Los Angeles has three times the population of Detroit and more than six and a half times the population of Pittsburgh, but the nearest salt formations are in Arizona, so Lord included the cost of getting the stored hydrogen from Arizona to Los Angeles.

Even so, Los Angeles' modeled costs are significantly less than those for Detroit and Pittsburgh. Salt formations in Arizona are thicker than those for Detroit and Pittsburgh, with larger and fewer caverns. Houston has the best conditions of the four cities because the Gulf Coast offers large, deep salt formations.

To examine the cost of geologic hydrogen storage, Lord started by selecting geologic formations that currently store natural gas. Working with Sandia economist Peter Kobos, Lord analyzed costs to store hydrogen gas in depleted oil and gas reservoirs, aquifers, salt caverns and hard rock caverns.

Their paper, "Geologic storage of hydrogen: Scaling up to meet city transportation demands," was published in the International Journal of Hydrogen Energy.

A geologic solution for peak period storage
Other fuels are already stored geologically.

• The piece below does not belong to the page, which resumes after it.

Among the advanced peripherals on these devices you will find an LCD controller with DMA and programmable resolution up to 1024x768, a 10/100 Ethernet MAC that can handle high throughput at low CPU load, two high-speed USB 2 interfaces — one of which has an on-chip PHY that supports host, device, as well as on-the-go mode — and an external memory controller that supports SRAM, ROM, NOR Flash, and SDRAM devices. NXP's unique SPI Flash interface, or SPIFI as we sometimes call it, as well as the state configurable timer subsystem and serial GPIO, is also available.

Oil from the Strategic Petroleum Reserve, for example, is held in large man-made caverns along the Gulf Coast. Natural gas is stored in more than 400 geologic sites to meet winter heating demands.

Lord envisions that excess hydrogen produced throughout the year could be brought to geologic storage sites and then piped to cities during the summer, when the demand for driving fuels peaks.

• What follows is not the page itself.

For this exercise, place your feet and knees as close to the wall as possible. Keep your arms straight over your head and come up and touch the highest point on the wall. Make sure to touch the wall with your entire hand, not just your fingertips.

Depleted oil and gas reservoirs and aquifers initially seem the most economically attractive options, she said. "Just looking at numbers, because they can hold such a larger volume relative to any cavern you create, they look cheaper," she said.

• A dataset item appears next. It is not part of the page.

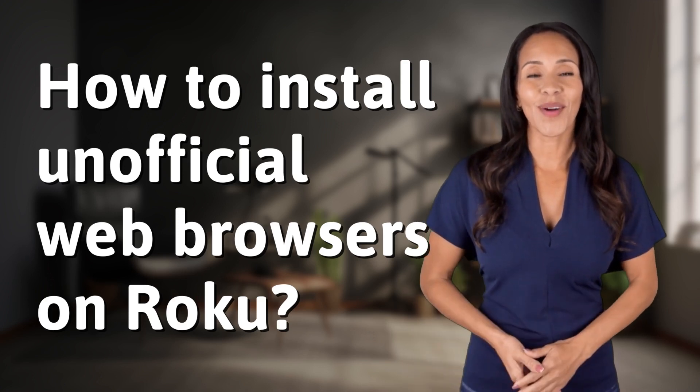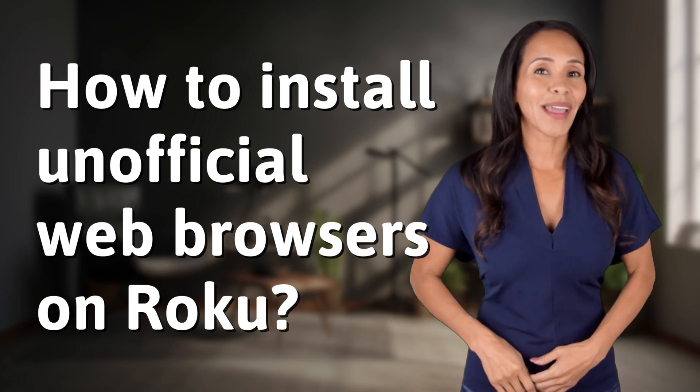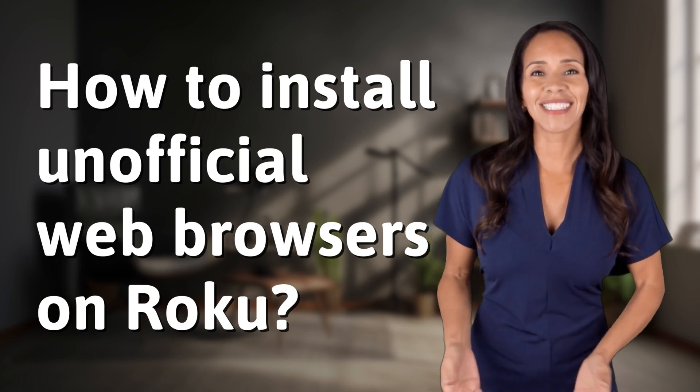Explorers of the unknown, welcome back. Let's expand our horizons with today's question.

But hydrogen gas is a challenging substance to store. "Because it's a smaller molecule than methane, for example, it has the potential to leak easier and move faster through the rock," Lord said.

Depleted oil and gas reservoirs and aquifers could leak hydrogen, and cycling -- filling a storage site, pulling hydrogen out for use and refilling the site -- can't be done more than once or twice a year to preserve the integrity of the rock formation, Lord said.
With a salt cavern or hard rock cavern, "there are no permeability issues, there's really no way anything can leak," she said. "You can bring more product in and out, and that will, in the long run, decrease your costs."

Hard rock caverns are relatively unproven; only one site holds natural gas. But salt caverns, which are created 1,000 to 6,000 feet below ground by drilling wells in salt formations, pumping in undersaturated water to dissolve the salt, then pumping out the resulting brine, are used more extensively and already store hydrogen on a limited scale, Lord said.

Future challenges

Lord said her work could lead to demonstration projects to further cement the viability of underground hydrogen storage. Salt caverns are the logical choice for a pilot project due to their proven ability to hold hydrogen, she said. Environmental concerns such as contamination could also be further analyzed.

However, salt formations are limited. None exist in the Pacific Northwest, much of the East Coast and much of the South, except for the Gulf Coast area. Other options are needed for development of a nationwide hydrogen storage system.

Lord's work adds to Sandia's capabilities and decades of experience in hydrogen and fuel cells systems. Sandia leads a number of other hydrogen research efforts, including the Hydrogen Fueling Infrastructure Research and Station Technology (H2FIRST) project co-led by the National Renewable Energy Laboratory (NREL), a maritime fuel cell demonstration, a development project focused on hydrogen-powered forklifts and a recent study of how many California gas stations can safely store and dispense hydrogen.